Try it →
Read through the records. Copy each line that has the word "Made".

--- Records to process ---

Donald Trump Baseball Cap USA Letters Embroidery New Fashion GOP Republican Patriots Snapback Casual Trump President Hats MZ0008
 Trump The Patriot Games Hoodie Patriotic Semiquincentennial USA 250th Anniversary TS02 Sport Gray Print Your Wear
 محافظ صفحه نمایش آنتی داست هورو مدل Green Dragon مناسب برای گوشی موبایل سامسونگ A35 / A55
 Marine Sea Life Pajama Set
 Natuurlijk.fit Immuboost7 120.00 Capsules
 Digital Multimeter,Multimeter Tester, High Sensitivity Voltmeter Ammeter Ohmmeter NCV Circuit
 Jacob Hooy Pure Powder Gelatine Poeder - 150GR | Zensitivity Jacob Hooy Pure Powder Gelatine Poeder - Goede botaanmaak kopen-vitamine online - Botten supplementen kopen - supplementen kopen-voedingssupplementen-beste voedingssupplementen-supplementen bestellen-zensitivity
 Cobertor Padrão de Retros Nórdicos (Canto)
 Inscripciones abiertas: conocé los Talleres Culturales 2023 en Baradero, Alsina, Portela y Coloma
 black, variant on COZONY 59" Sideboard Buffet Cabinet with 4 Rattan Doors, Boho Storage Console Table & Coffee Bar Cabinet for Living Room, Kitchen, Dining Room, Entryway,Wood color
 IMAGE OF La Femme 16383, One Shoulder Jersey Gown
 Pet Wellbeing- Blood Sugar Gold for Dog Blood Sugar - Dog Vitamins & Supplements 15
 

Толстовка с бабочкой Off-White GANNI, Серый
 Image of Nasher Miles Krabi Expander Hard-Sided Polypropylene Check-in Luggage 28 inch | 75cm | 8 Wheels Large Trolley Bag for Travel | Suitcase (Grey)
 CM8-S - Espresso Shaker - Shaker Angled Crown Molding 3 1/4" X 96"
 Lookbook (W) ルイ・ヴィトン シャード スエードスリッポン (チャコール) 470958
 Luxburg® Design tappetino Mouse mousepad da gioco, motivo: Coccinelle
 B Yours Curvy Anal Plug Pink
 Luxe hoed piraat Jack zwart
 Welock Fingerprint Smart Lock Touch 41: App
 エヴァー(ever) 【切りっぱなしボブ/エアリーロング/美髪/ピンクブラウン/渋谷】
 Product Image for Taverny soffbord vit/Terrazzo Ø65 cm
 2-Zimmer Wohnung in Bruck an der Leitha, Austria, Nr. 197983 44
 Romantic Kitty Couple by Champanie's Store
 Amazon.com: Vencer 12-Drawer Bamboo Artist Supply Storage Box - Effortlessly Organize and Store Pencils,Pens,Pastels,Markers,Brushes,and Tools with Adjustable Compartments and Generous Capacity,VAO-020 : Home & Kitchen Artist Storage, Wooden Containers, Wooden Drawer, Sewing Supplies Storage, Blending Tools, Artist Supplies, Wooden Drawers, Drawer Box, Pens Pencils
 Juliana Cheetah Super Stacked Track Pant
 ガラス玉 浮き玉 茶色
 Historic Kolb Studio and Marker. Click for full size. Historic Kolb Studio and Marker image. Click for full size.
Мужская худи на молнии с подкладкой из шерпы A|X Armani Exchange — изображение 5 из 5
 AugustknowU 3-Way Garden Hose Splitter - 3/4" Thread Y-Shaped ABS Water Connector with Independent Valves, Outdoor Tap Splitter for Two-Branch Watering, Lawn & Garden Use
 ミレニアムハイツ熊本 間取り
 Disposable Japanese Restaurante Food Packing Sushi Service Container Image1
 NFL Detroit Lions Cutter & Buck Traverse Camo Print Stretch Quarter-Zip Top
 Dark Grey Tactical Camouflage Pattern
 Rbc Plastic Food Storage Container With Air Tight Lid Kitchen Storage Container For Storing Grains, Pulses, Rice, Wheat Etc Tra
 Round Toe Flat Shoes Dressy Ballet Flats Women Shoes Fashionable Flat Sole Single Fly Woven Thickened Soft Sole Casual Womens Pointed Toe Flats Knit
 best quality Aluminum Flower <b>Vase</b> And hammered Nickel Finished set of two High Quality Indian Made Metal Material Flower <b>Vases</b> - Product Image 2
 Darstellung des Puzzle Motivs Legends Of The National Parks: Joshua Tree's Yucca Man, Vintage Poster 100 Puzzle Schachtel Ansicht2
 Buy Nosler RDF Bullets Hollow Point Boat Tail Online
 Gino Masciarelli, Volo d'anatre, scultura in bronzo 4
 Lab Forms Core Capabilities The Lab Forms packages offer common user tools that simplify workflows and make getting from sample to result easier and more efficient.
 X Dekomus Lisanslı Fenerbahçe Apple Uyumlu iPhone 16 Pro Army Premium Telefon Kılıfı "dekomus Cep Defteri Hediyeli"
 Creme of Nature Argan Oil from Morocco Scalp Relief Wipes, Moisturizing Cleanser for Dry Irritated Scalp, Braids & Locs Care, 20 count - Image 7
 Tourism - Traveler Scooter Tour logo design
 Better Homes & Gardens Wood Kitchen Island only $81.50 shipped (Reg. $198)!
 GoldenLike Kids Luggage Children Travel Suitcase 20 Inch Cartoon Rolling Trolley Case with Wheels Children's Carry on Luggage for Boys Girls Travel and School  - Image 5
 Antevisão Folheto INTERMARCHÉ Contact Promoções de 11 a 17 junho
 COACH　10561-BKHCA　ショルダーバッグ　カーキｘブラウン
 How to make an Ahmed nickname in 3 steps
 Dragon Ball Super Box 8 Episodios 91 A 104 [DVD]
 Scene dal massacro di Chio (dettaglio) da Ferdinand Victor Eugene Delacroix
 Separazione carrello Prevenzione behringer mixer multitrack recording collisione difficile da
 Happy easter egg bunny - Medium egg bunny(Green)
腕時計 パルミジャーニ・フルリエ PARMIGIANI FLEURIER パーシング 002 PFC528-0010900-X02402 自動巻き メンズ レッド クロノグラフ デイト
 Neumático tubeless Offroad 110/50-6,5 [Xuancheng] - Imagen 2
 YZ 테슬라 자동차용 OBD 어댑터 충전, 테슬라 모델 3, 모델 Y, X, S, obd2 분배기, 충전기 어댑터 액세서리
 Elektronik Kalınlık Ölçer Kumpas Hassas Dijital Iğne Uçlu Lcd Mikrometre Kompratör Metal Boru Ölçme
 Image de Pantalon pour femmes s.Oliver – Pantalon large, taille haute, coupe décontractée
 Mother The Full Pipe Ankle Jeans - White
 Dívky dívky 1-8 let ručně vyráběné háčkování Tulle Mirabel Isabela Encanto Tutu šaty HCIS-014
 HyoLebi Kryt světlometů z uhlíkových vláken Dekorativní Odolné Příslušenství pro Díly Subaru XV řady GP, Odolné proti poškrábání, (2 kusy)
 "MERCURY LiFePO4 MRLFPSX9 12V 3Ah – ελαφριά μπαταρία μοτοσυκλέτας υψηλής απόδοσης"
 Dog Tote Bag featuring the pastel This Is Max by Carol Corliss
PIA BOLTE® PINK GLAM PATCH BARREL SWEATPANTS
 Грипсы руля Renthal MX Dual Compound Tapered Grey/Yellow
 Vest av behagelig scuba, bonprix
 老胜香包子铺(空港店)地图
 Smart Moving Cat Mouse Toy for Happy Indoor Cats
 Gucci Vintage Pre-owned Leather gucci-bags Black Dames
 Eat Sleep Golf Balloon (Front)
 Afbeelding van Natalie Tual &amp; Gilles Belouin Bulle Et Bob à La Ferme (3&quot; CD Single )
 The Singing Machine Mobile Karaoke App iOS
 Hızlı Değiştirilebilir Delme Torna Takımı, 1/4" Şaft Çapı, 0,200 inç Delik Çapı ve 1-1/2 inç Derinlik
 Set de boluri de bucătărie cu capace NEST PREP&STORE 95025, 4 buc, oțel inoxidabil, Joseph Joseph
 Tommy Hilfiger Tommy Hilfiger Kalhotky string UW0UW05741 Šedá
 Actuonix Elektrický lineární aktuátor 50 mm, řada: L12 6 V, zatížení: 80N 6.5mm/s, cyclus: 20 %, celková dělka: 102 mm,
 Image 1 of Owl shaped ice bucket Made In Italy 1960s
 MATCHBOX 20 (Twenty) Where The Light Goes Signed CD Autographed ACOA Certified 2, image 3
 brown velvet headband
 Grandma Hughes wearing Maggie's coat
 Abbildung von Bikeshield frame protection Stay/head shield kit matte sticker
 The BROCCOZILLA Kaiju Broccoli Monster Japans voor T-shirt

---

Output below →
 best quality Aluminum Flower <b>Vase</b> And hammered Nickel Finished set of two High Quality Indian Made Metal Material Flower <b>Vases</b> - Product Image 2
 Image 1 of Owl shaped ice bucket Made In Italy 1960s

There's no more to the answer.